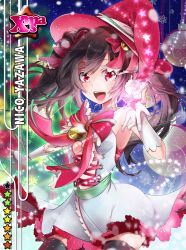 Rule 34 | 10s, 1girl, bell, black hair, bow, character name, christmas tree, dress, gloves, hair ribbon, hat, highres, love live!, love live! school idol project, open mouth, red eyes, ribbon, smile, solo, star (symbol), teeth, thighhighs, tree, twintails, yazawa nico, yukinokoe, zettai ryouiki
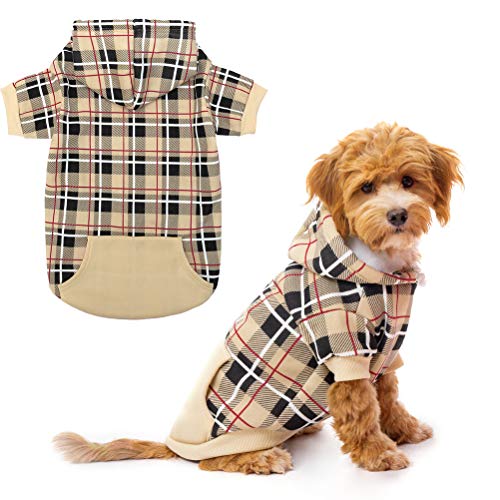EXPAWLORER Plaid Dog Hoodie – British Style Soft and Warm Dog Sweater with Leash Hole, Hooded Cold Weather Clothes, Dog Sweatshirt, Outfits, Winter Coat for Small Medium Large Dogs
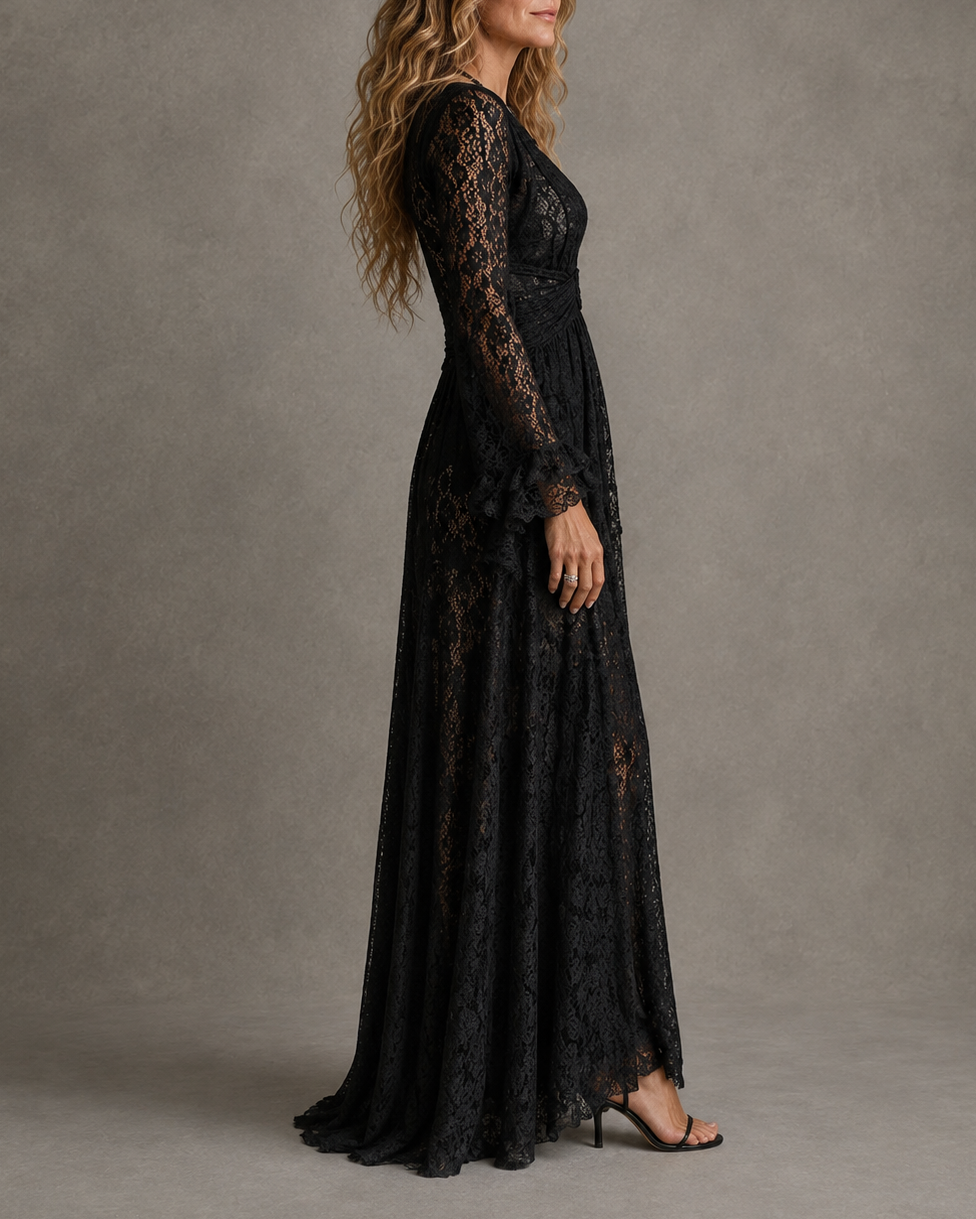 Ophélie | Robe longue en dentelle à décolleté plongeant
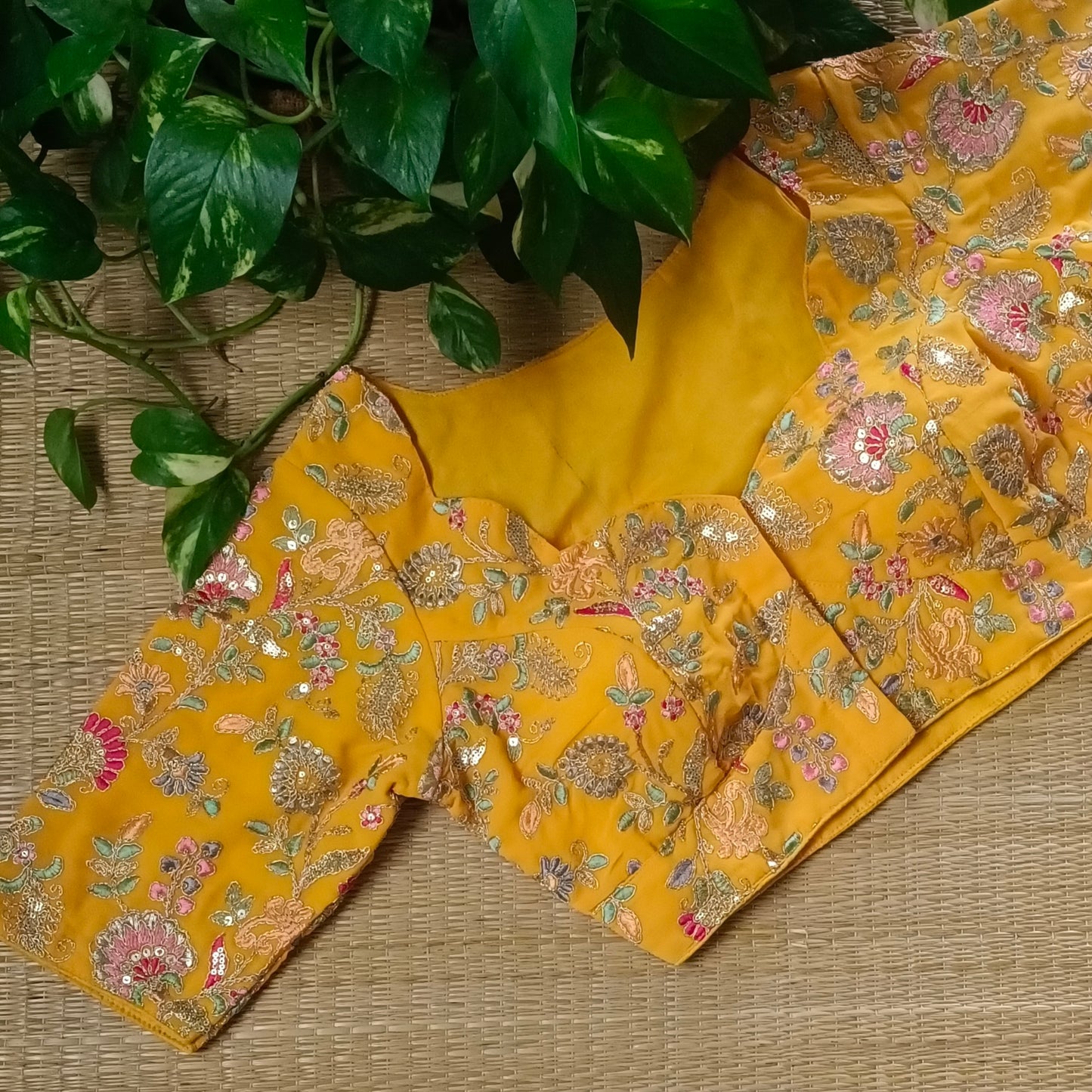 Yellow crepe code work blouse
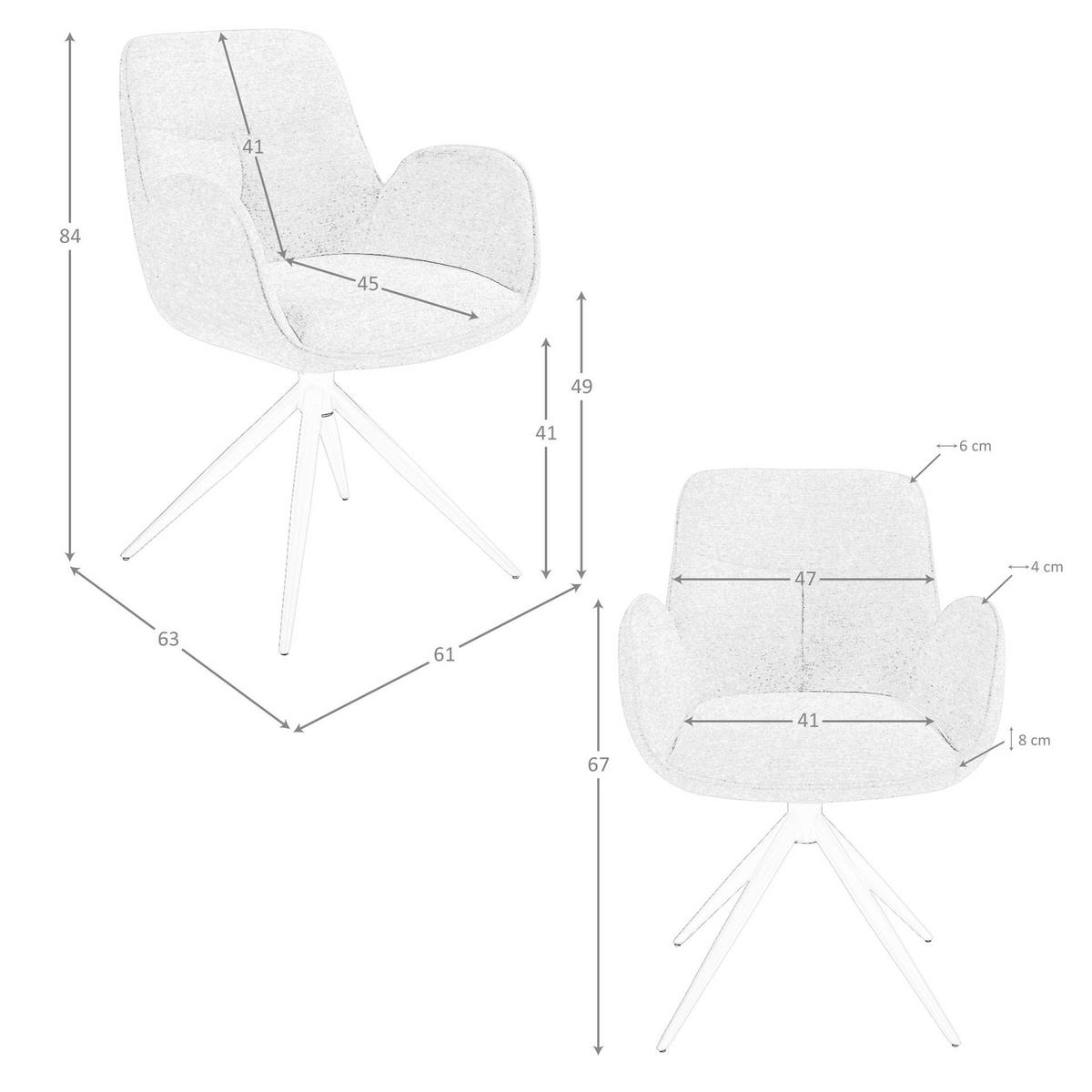 STUHL aus Stoff 61/63/84 cm - Beige/Sahara, Textil/Metall (61/84/63cm) - ANGEL CERDA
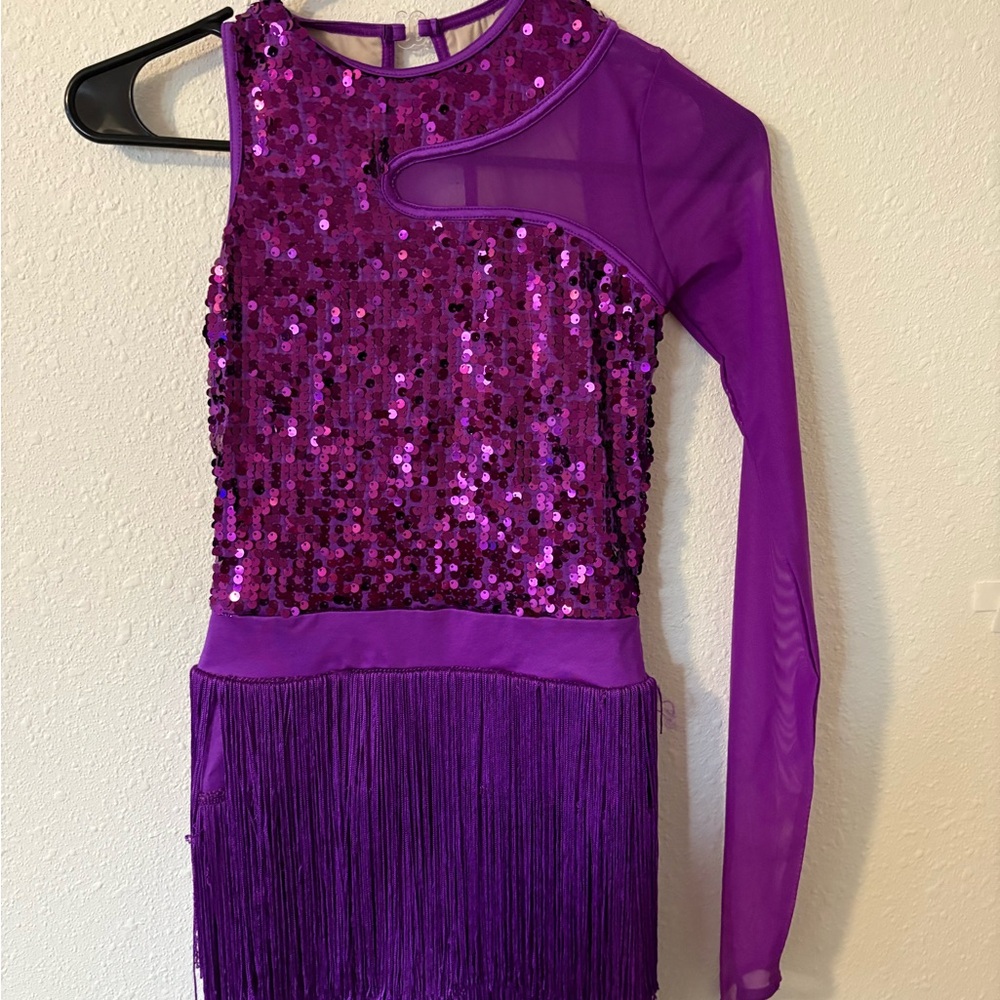 Weissman Purple Dance Costume with Asymmetrical Design and Fringe
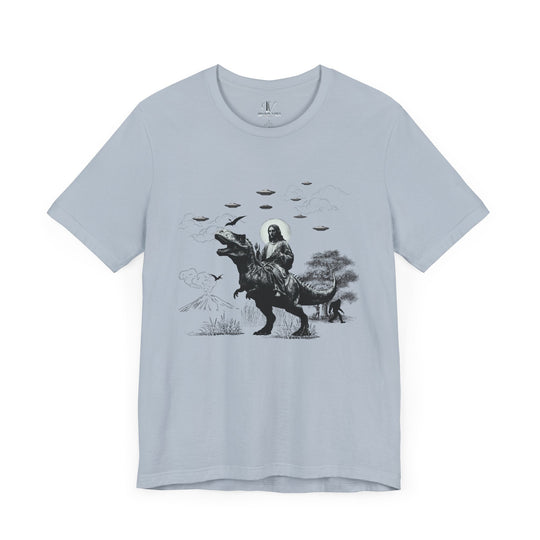 Graphic Tee Jesus Riding Dinosaur UFOs T-Shirt Printify Light Blue XS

◇ ◇ ◇

Where pictures appear, omit them, and transcribe exactly, with nothing else, the lines from the line with "Ophélie | Robe" through the final line of the records above, both ends included.

▶ **TASK OUTPUT**:
 Ophélie | Robe longue en dentelle à décolleté plongeant
 Yellow crepe code work blouse
 STUHL aus Stoff 61/63/84 cm - Beige/Sahara, Textil/Metall (61/84/63cm) - ANGEL CERDA
 Weissman Purple Dance Costume with Asymmetrical Design and Fringe
 Graphic Tee Jesus Riding Dinosaur UFOs T-Shirt Printify Light Blue XS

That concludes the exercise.